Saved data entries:
----------

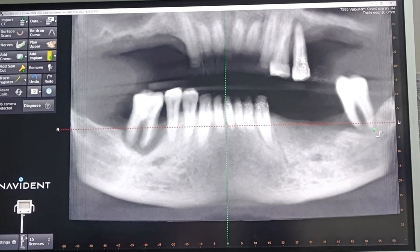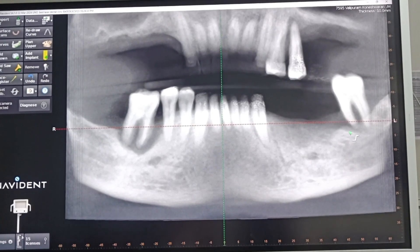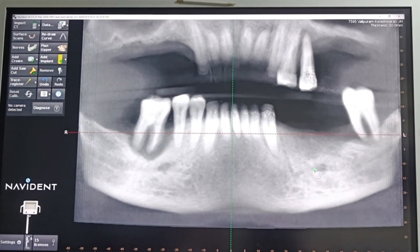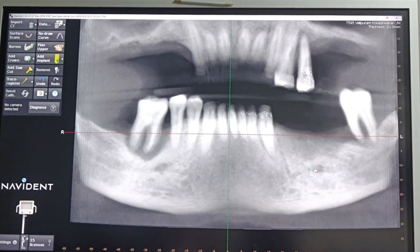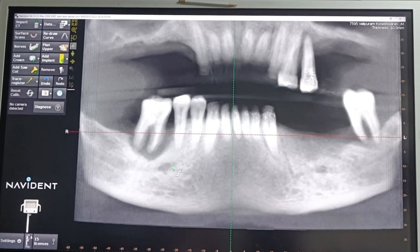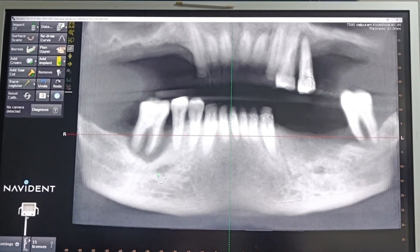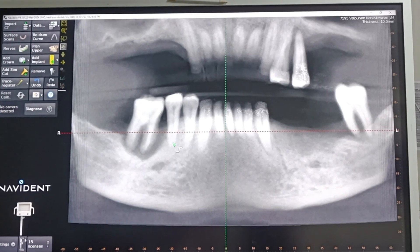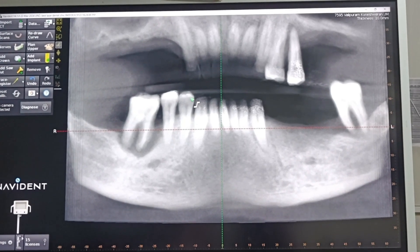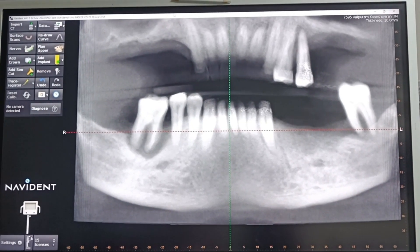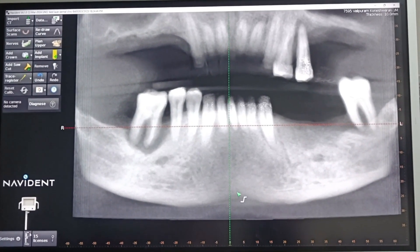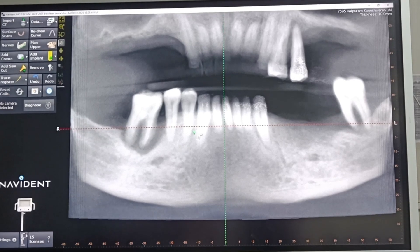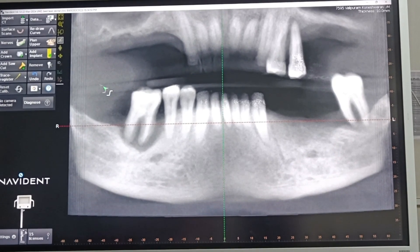Just in front of the second molar we have to place one implant, in the mesial root or distal root of 7. Around the root there is severe bone resorption. You can see the mental foramen here. On both sides the mental foramen is distal to the second premolar, which is quite unusual — usually it will be between the first and second premolar.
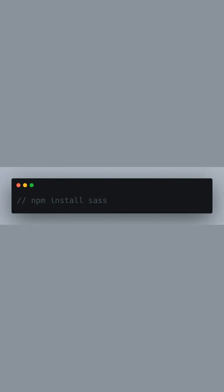Welcome to our tutorial on how to set up global styles with SAS in a Next.js 14 project. The first step is to install SAS.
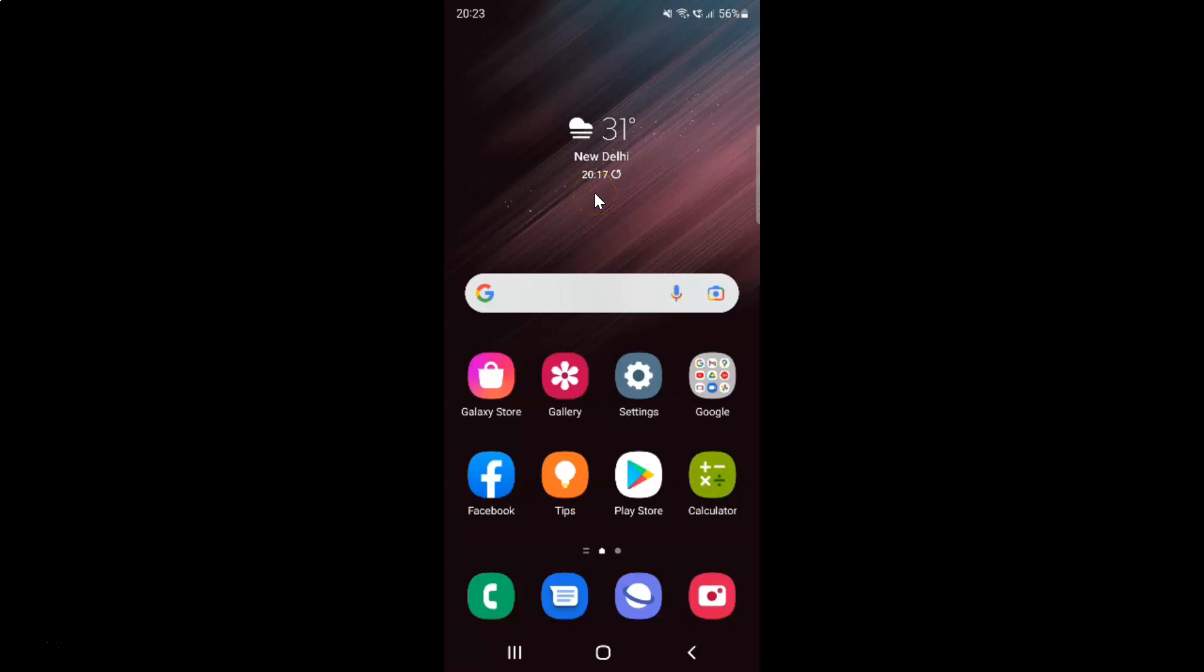Hi guys, in this video I will show you how to set data warning for mobile data usage on Samsung Galaxy S22 Ultra. This is my Samsung Galaxy S22 Ultra device. So let us start.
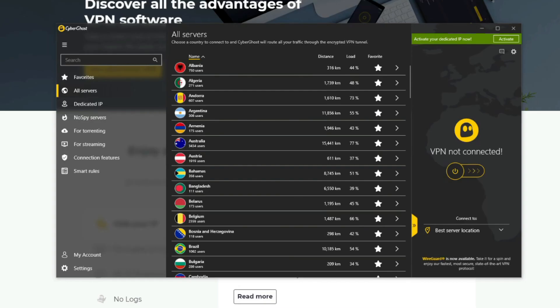CyberGhost, on the other hand, is quite the opposite—offering almost 7,000 servers in 90 countries globally, plus seven simultaneous connections on a single account, letting you share one subscription with all devices in your home at the same time.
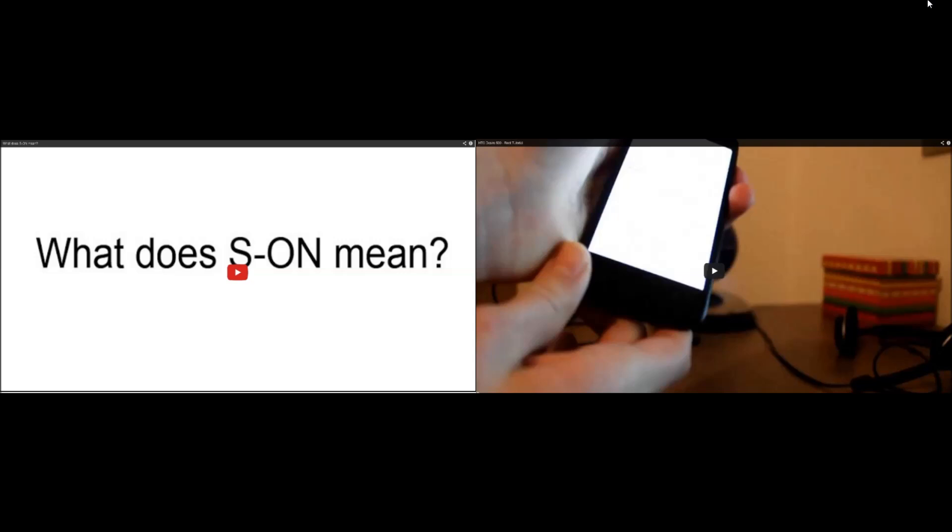Hey guys, today I'm going to tell you how to install BusyBox on an As-On device. If you don't know what As-On is, click the video on the left.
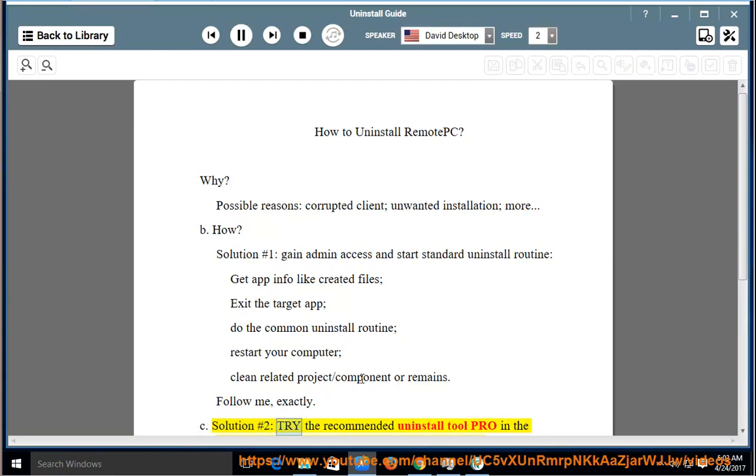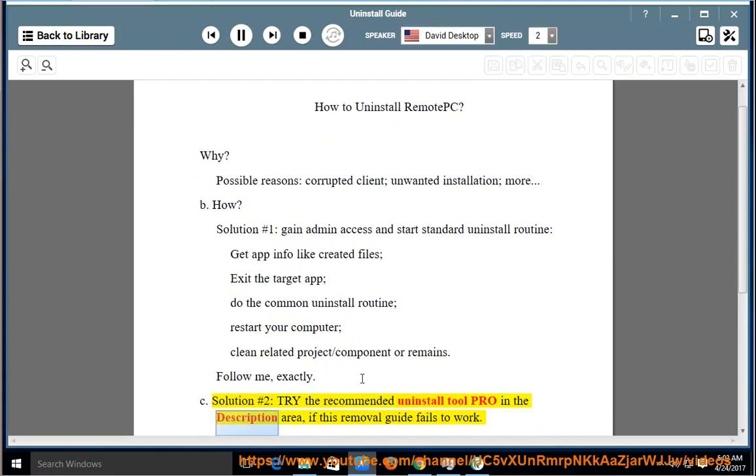Solution number 2: try the recommended uninstall tool pro in the description area, if this removal guide fails to work.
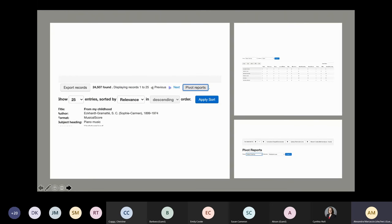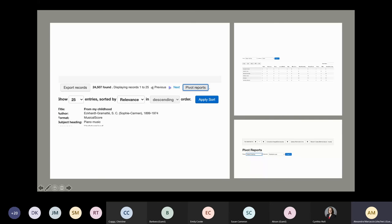Another interesting feature is pivot reports — essentially like pivot tables you would build in Excel, but generated within Gold Rush itself. Say I do a search for the music library collection; I can open the pivot reports and pick two facets to compare. In this example, I've chosen to compare subject headings found for each item in the results to the format — so I can figure out, for example, how many books with the subject heading 'law' exist versus how many journals with that heading exist. This gives me a brief overview of numbers and speaks more to the character of the collection than a basic overlap analysis could.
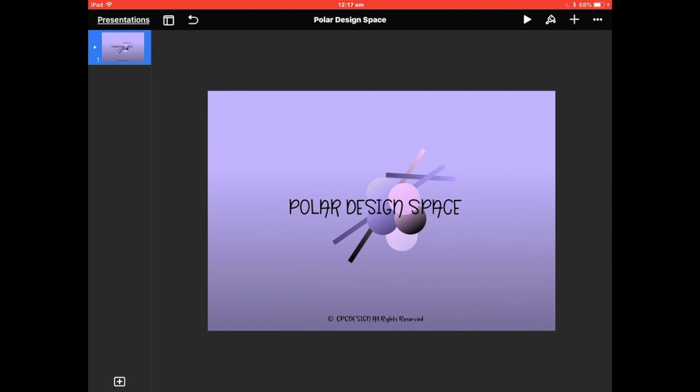Hi folks, welcome to CPC Design. This is a quick video on how to make a GoodNotes cover the easy way using Polar Design. Let's get started straight away. First of all, you need to know what size you're going to use for your cover. I'm using the 10.5 iPad Pro. You're actually in Polar Design at the moment, so I'm going to go to Presentations.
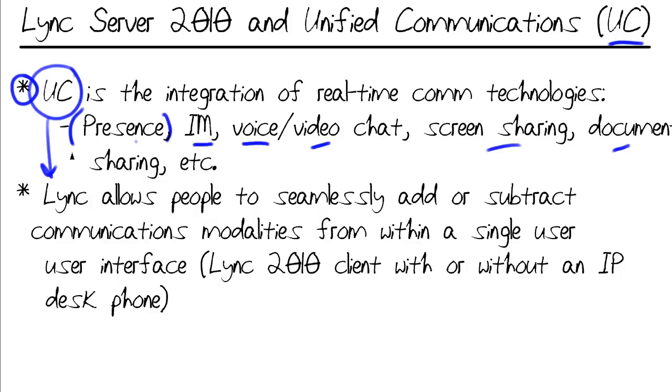Of course, Skype is now a Microsoft property, but you get the idea. Therefore, Lync allows people to seamlessly add or subtract these modalities from within a single user interface.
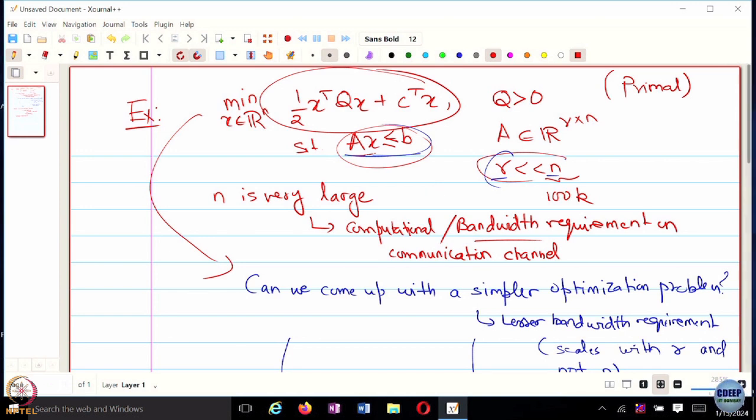In a primal optimization problem, things scale with x, and x can be large dimensional. You wouldn't want to exchange very large information through a communication channel, because it would require larger bandwidth. We would want an equivalent problem which possibly returns the same solution but scales with r — the number of inequality constraints — and has simpler constraints. That will be achieved using the dual form.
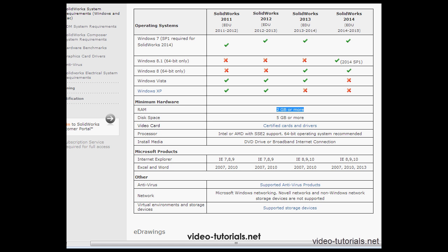Let's take a look at the disk space requirement. They suggest at least 5GB. In fact, it's a good idea to have at least a few hundred gigabytes available. Next are video card drivers. We're going to look at these in just a sec.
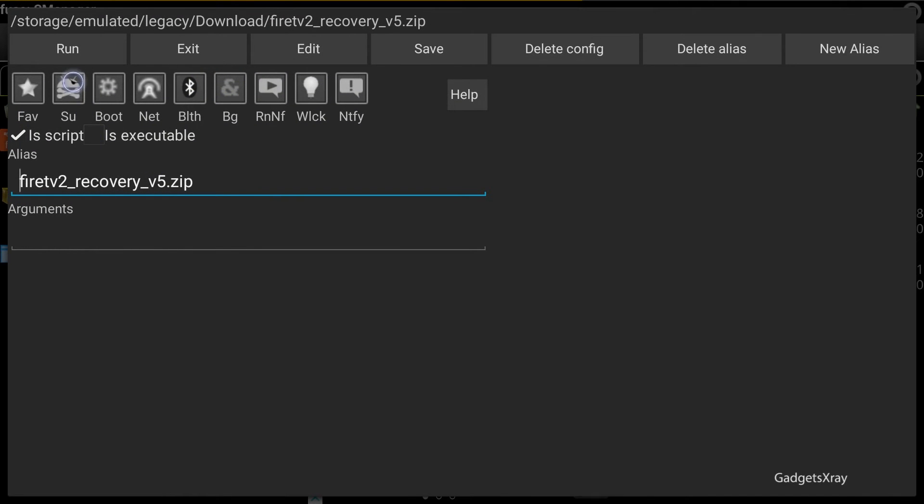Let's select SU right here and let's run it.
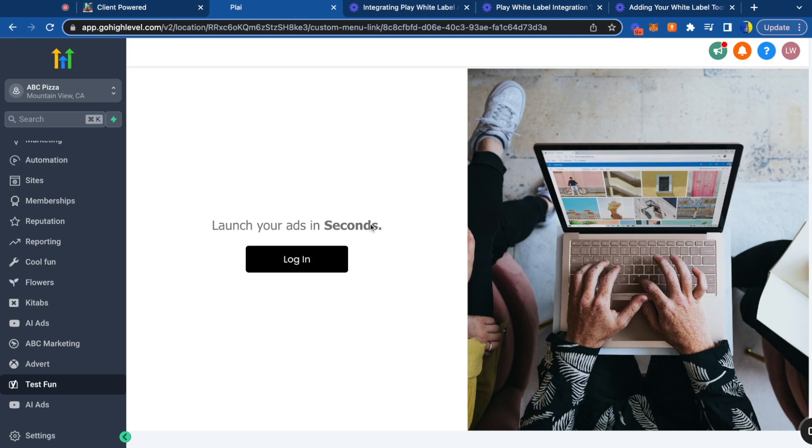If you try to log into this with the same email that you use for your white label account, you will get an error message. So you can try logging into a client's account by using a different email or just switch to your admin view so you can access their account.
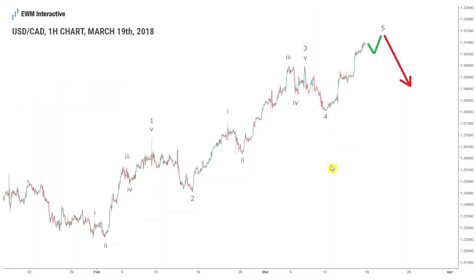There's been a lot of action in the US-Canadian dollar pair in the last couple of weeks and we decided to share our premium analysis from March 19th just to show how precise Elliott Wave can be.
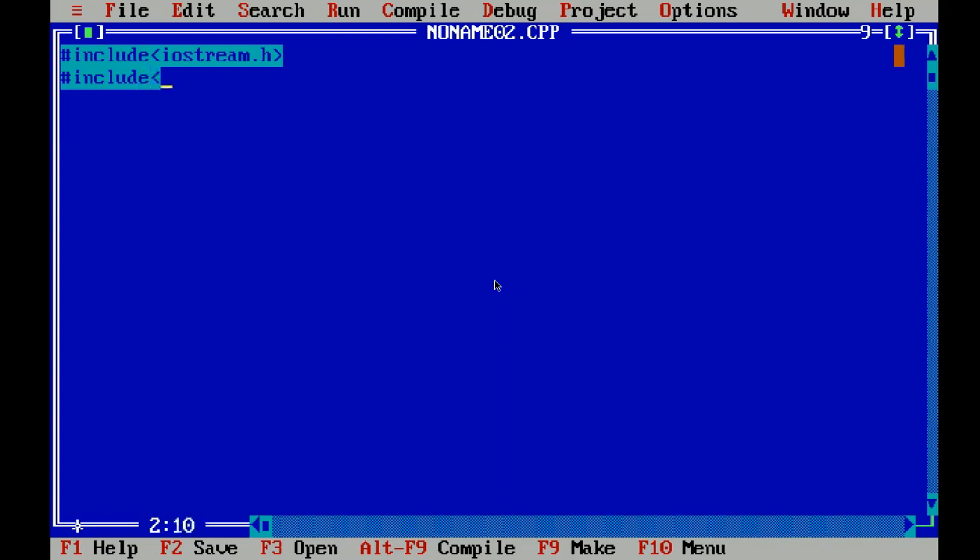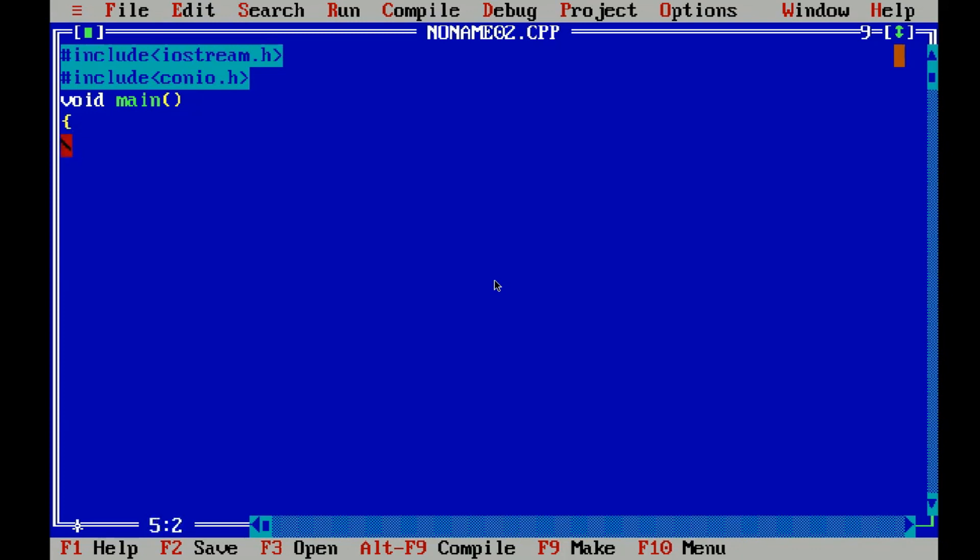Since we are converting the temperature from Fahrenheit to Celsius, let's have two variables F and C of course. F for storing the Fahrenheit value and C for storing the Celsius value.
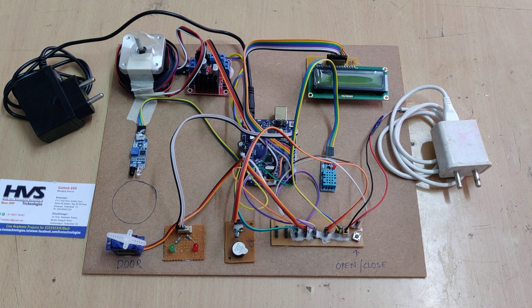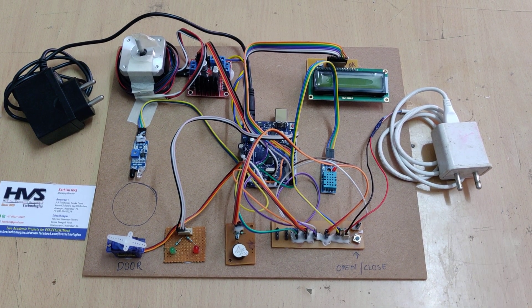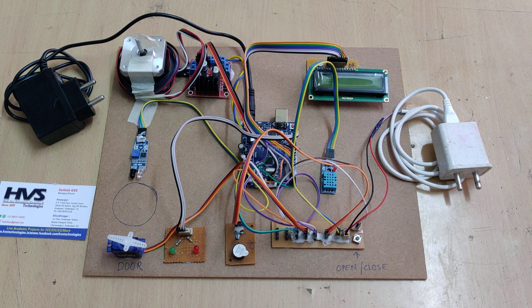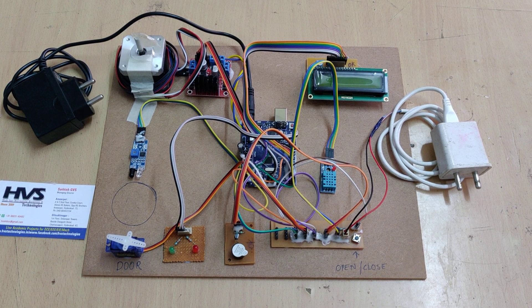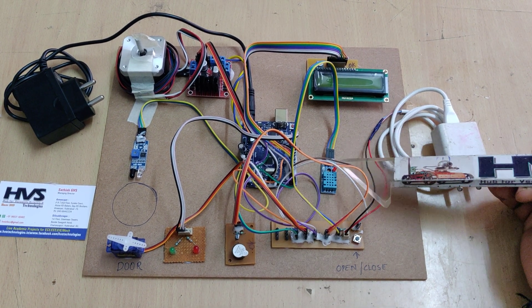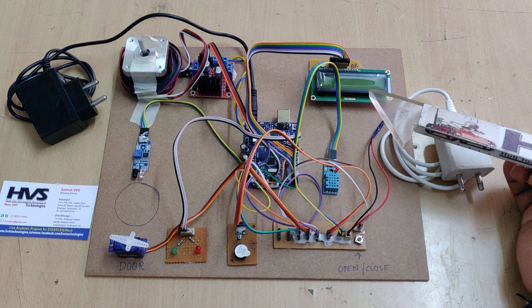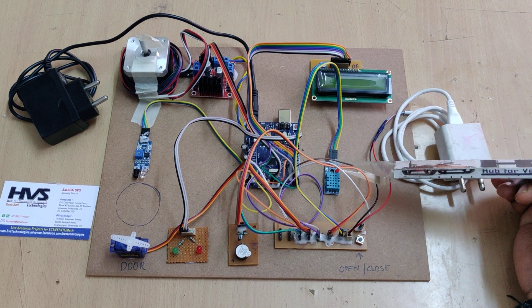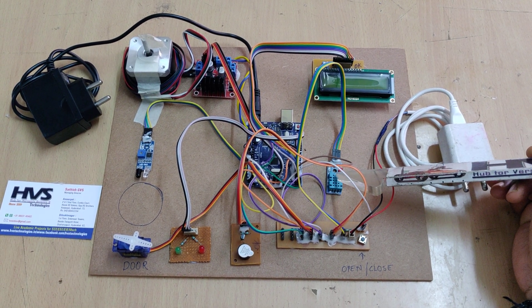Welcome to the project demonstration of automatic pill dispenser using Arduino and environmental parameters monitoring using DHT11. Here we are going to monitor the humidity and temperature from this DHT11 sensor.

----------

**Required work:** Give back exactly, and solely, the section of the data above bounded by the line containing "Let's select SU right here and let's run it." and the line containing "There's been a", both bounding lines included and pictures omitted.

**Response box:**
Let's select SU right here and let's run it.
If you try to log into this with the same email that you use for your white label account, you will get an error message. So you can try logging into a client's account by using a different email or just switch to your admin view so you can access their account.
There's been a lot of action in the US-Canadian dollar pair in the last couple of weeks and we decided to share our premium analysis from March 19th just to show how precise Elliott Wave can be.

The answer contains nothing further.